PROVIDED RECORDS: Begin

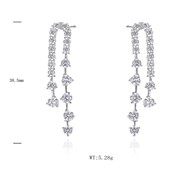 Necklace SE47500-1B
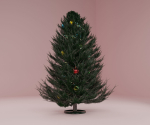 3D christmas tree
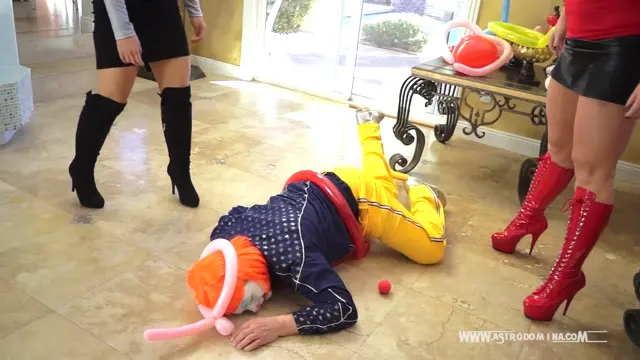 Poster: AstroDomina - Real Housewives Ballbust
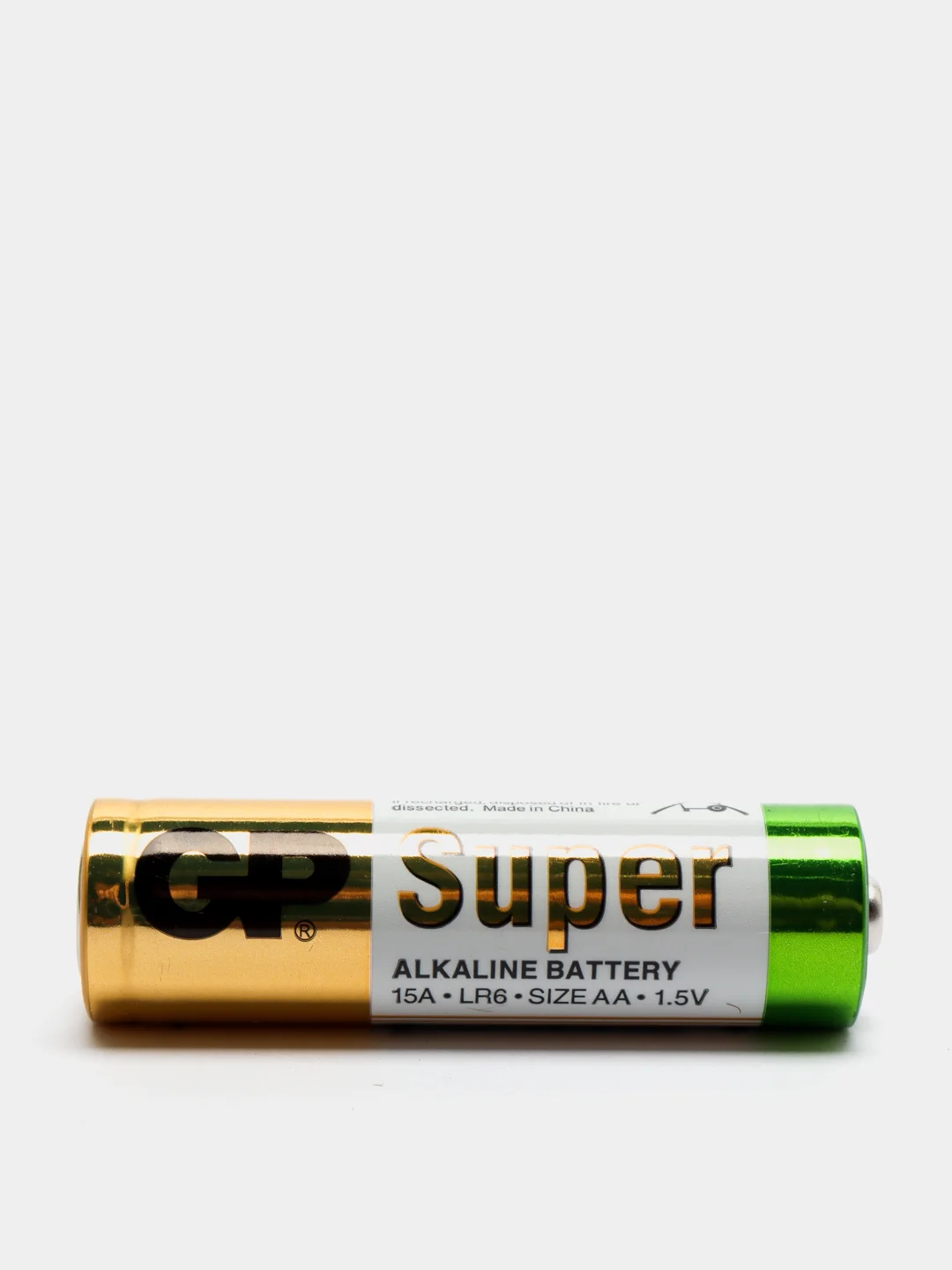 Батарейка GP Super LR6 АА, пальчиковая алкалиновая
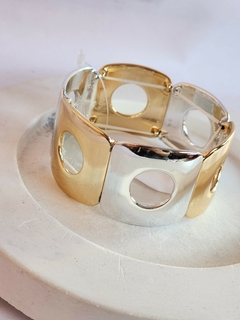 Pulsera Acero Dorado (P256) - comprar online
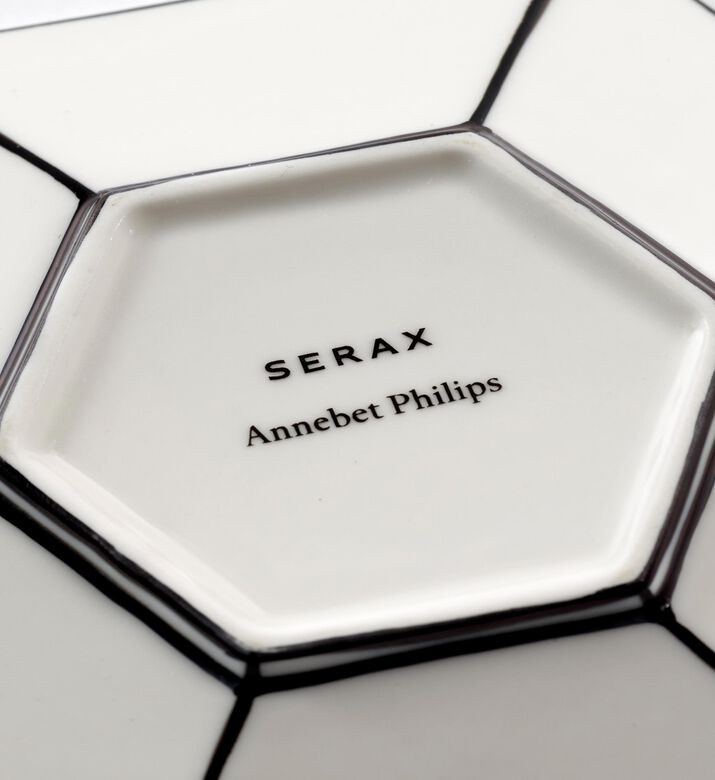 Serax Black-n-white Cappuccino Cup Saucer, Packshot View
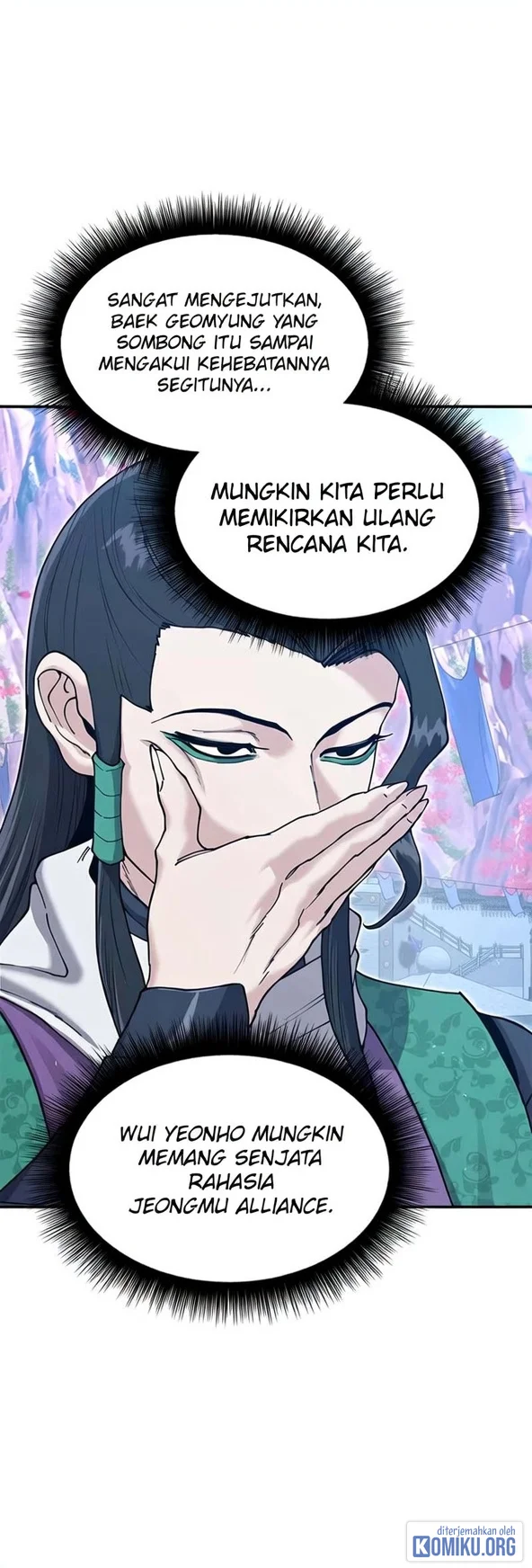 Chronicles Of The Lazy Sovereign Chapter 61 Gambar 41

PROVIDED RECORDS: End

TASK OBJECTIVE: Give the data above again exactly. Leave the pictures out.

OUTPUT OF THE TASK:
 Necklace SE47500-1B
 3D christmas tree
 Poster: AstroDomina - Real Housewives Ballbust
 Батарейка GP Super LR6 АА, пальчиковая алкалиновая
 Pulsera Acero Dorado (P256) - comprar online
 Serax Black-n-white Cappuccino Cup Saucer, Packshot View
 Chronicles Of The Lazy Sovereign Chapter 61 Gambar 41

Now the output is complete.